Mazibuko acknowledges her father, Fanyana, as a great influence on her. It’s to understand why that happened, and how we can recover from it,” she explains. “I wanted to join the dots between the 1970s – when there was this drive to get education that was seen as your only hope as a black person – and the meltdown that happened in the 1980s, when the slogan ‘Liberation Before Education’ was prevalent amongst militant township youth. In her various narratives about anti-apartheid resistance, Mazibuko presents the 1970s and 1980s in South Africa as two “very different eras,” albeit with education tying the two decades together.

In the fourth part of a series on new African authors, VOA’s Darren Taylor tells of Mazibuko’s quest to herald South Africa’s unsung heroes.

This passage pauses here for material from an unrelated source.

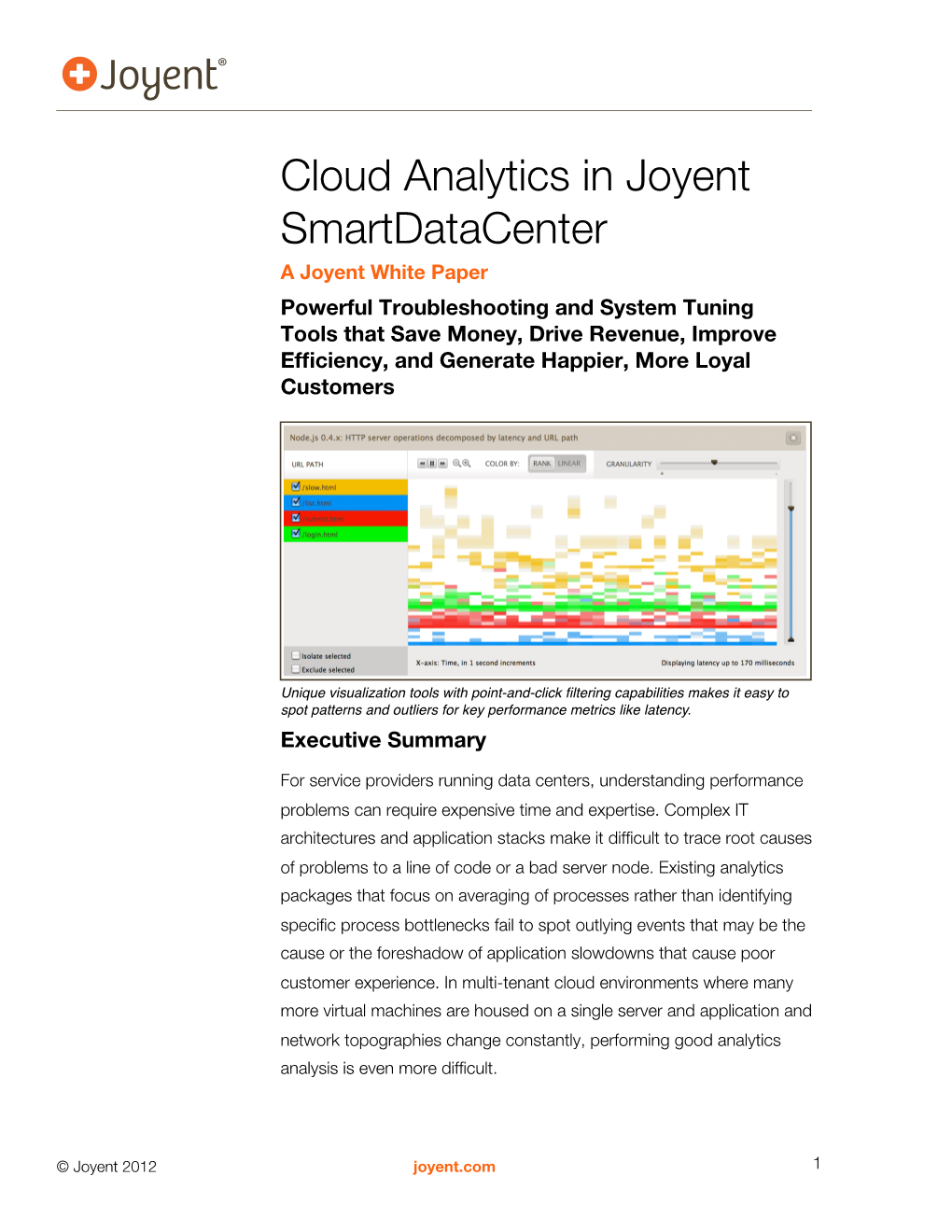 Cloud Analytics in Joyent Smartdatacenter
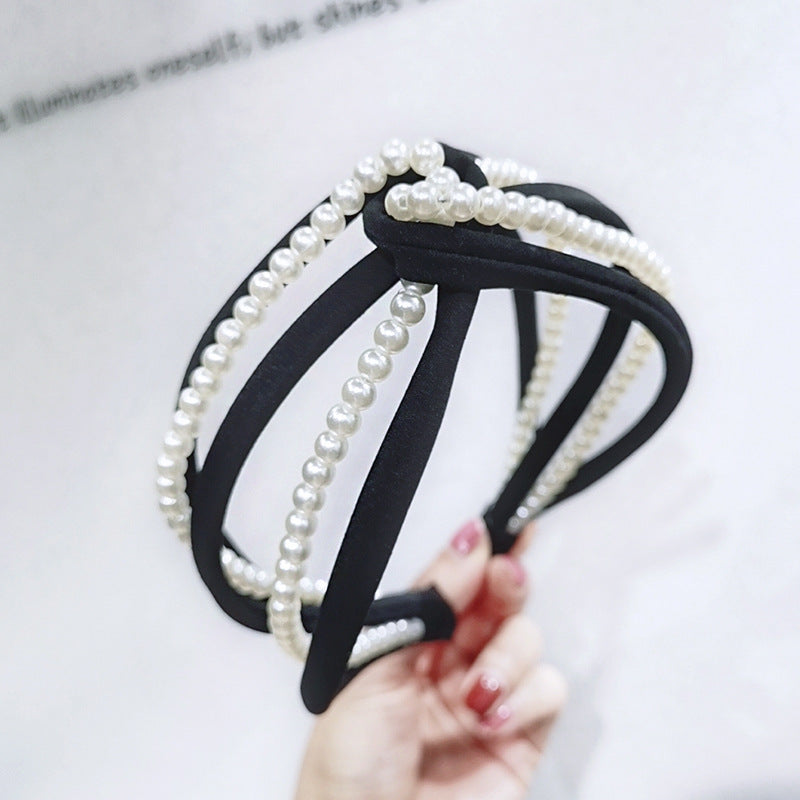 Net Celebrity Popular Hair Band Wave Dot Solid Color Cloth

are black people the missing link

But she feels that most of the young people who fought the might of the apartheid machine in the townships have received little or no recognition. Mazibuko says much has been written about the fight against white supremacy in South Africa. She has set out to narrate the sacrifices made in the 1980s by South African youth, who formed underground structures at the height of the popular resistance to the racist policies of the National Party (NP) government. South African writer Nokuthula Mazibuko says her recently published book, Spring Offensive, is concerned with the “missing link” in her country’s much-documented struggle against apartheid.